Dans la pratique du devoir scolaire, l'enfant se réapproprie le savoir
pour l'utiliser à son tour dans une démarche personnelle, singulière.
Mais il doit aussi accepter qu'on ne trouve pas toujours de solution, malgré
l'effort fourni.
DONNER LE GOÛT
DE L'EFFORT
C'est grâce à ce regard d'encouragement, de curiosité que le parent peut aider l'enfant à trouver par lui-même.
Et c'est sans doute là,
la plus grande ambition du devoir scolaire. A la différence d'un travail
en classe finalement sanctionné (peut-être trop souvent d'ailleurs)

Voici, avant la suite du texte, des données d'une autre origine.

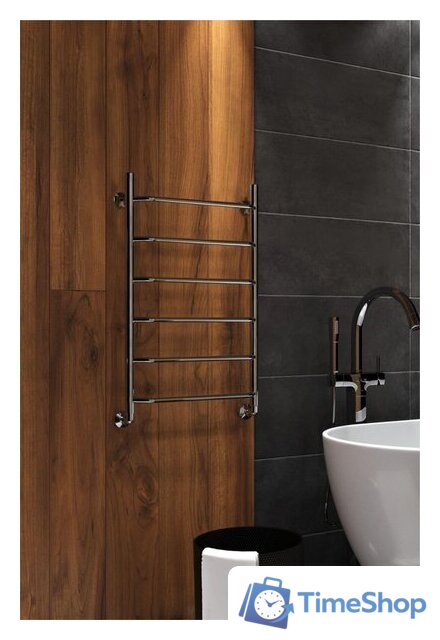 Полотенцесушитель Indigo Roof 80x50 LRW80-50 (с нижним подключением) - Изображение №3 — Интернет-магазин Time-Shop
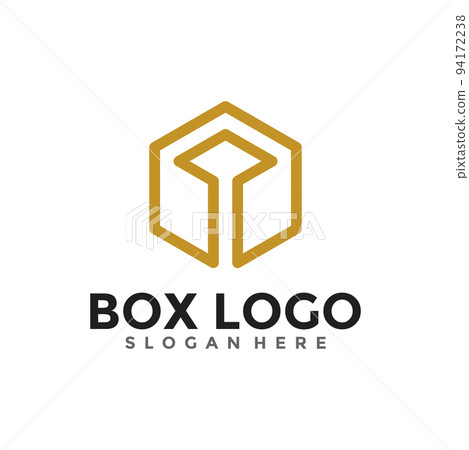 Abstract business cube logo vector. Minimalist box logo with line style. Abstract business cube logo vector. Minimalist box logo with line style. 94172238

par une note , c'est-à-dire pour lequel, on valorise davantage le résultat
que l'effort, le devoir à la maison permet de mettre l'accent sur l'effort.

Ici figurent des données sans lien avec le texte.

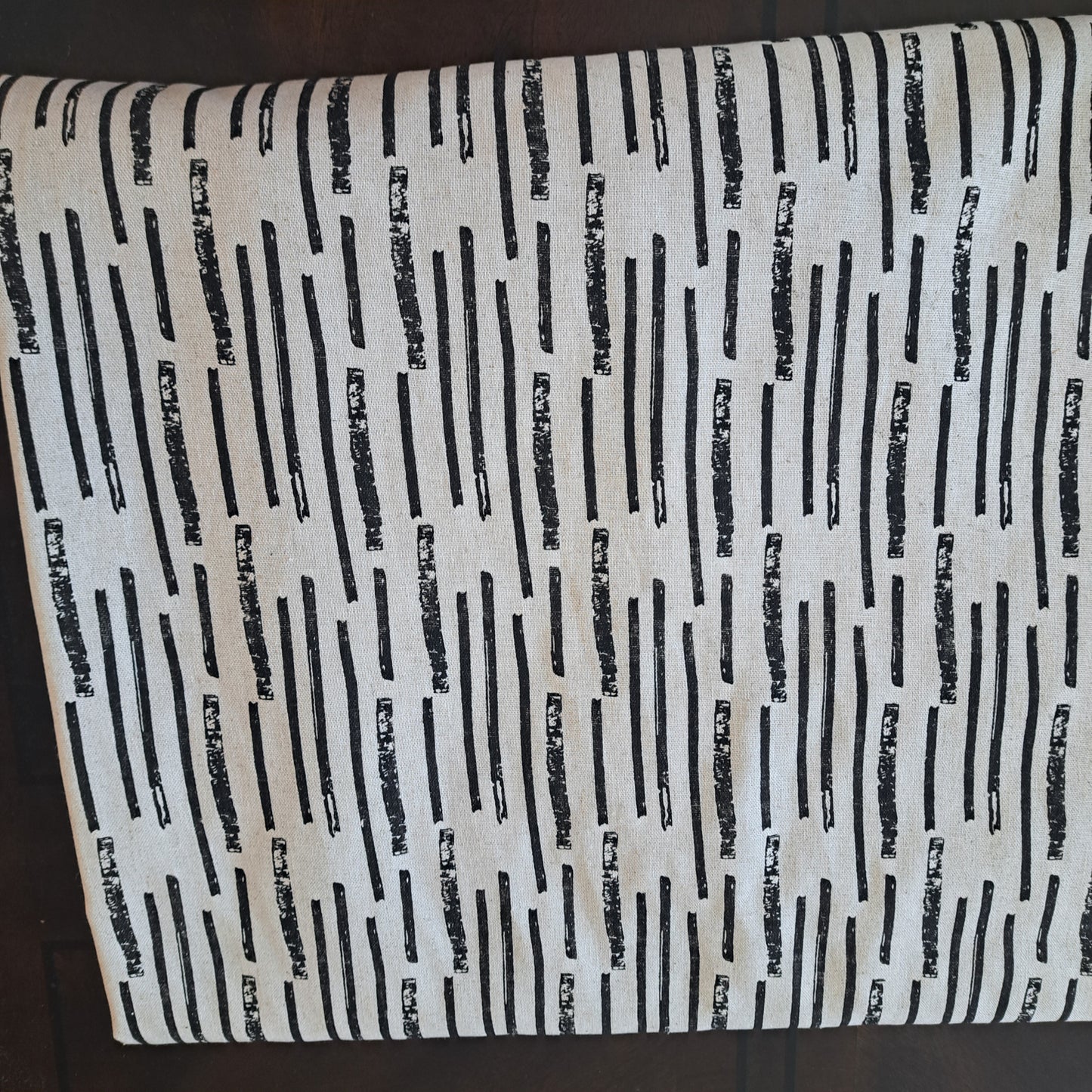 Stripes, Linen/cotton blend, SOLD BY HALF METERS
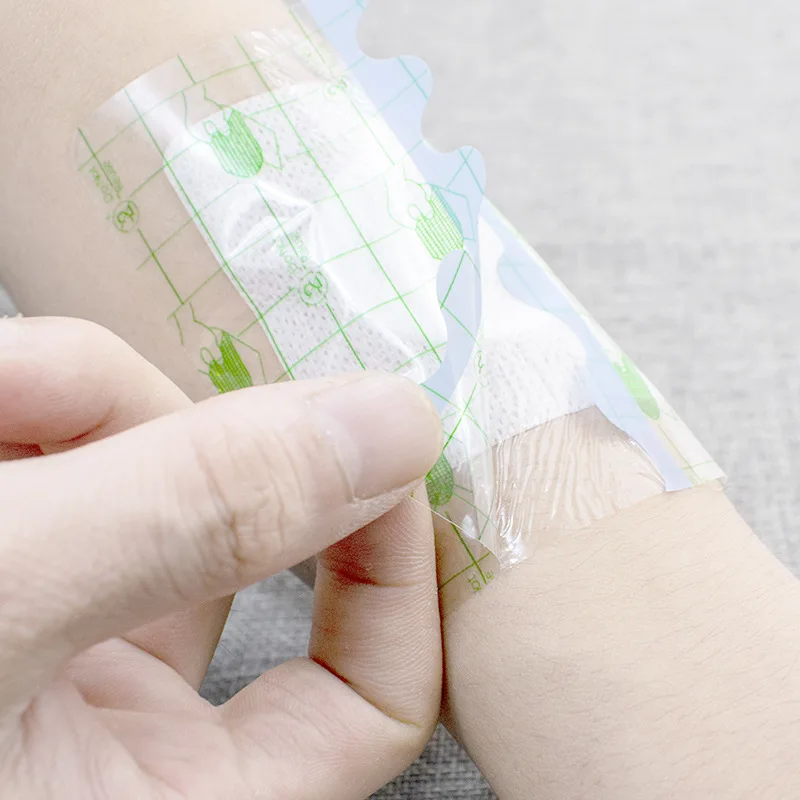 100pcs Waterproof Tattoo Protective Healing Film For Skin Aftercare Bandage Transparent Medical Tattoo Repair PU Film Tape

Quand le parent explique à l'enfant que l'essentiel n'est pas de trouver
la solution mais de fournir un travail personnel, quand il transmet ce goût
de l'effort pour l'effort lui-même en soulignant le fait qu'on n'obtient
pas toujours le résultat attendu, mais qu'un effort est toujours récompensé,
il permet alors à l'enfant de tirer profit du devoir.
En outre, cette attitude
parentale suggère que l'enfant n'est pas appréhendé uniquement
dans sa qualité d'élève (et d'élève qui doit
réussir !) mais aussi et peut-être surtout simplement en tant qu'enfant
face à une épreuve.
On voit bien alors que l'aide du parent ne doit pas se situer au niveau technique
mais bien plus au niveau affectif. C'est dans sa disponibilité, son écoute
et sa capacité à mettre l'enfant dans les meilleures conditions
de recherche, que le parent jouera son rôle, à ce moment dans sa
relation à l'enfant. Et le devoir scolaire devient alors une sorte de
maïeutique dans laquelle le parent n'a besoin d'aucune autre compétence, que son intérêt (et beaucoup de patience).
Et c'est grâce à
ce regard d'encouragement, de curiosité que le parent peut aider l'enfant
à trouver par lui-même. Et si l'enfant ne trouve pas, le parent
laisse alors à l'enseignant le rôle de diagnostiquer les causes
d'erreurs et d'apporter une solution.
C'est seulement à
travers cette répartition de rôles que l'on peut sortir l'enfant
d'une situation d'échec. D'autant qu'une grande partie du devoir scolaire
est lié à des pratiques de mémorisation que le temps passé
en classe ne suffit pas à achever. Dans ce cadre, la coopération
parentale peut être nécessaire et engendrer une complicité
et des moments de proximité souvent pleins d'humour qu'ils faut privilégier.
Enfin, en valorisant le
travail plus que le résultat, le parent quitte son rôle inquisiteur
de " contrôleur de connaissances " et redonne à l'enfant
sa dimension filiale indépendante de son niveau d'élève.
Il prouve ainsi à son enfant son amour inconditionnel dont l'échelle
n'est heureusement pas indexée sur les résultats scolaires. Car
même si l'enfant reçoit un enseignement de son père, il
ne veut pas être son élève mais son fils.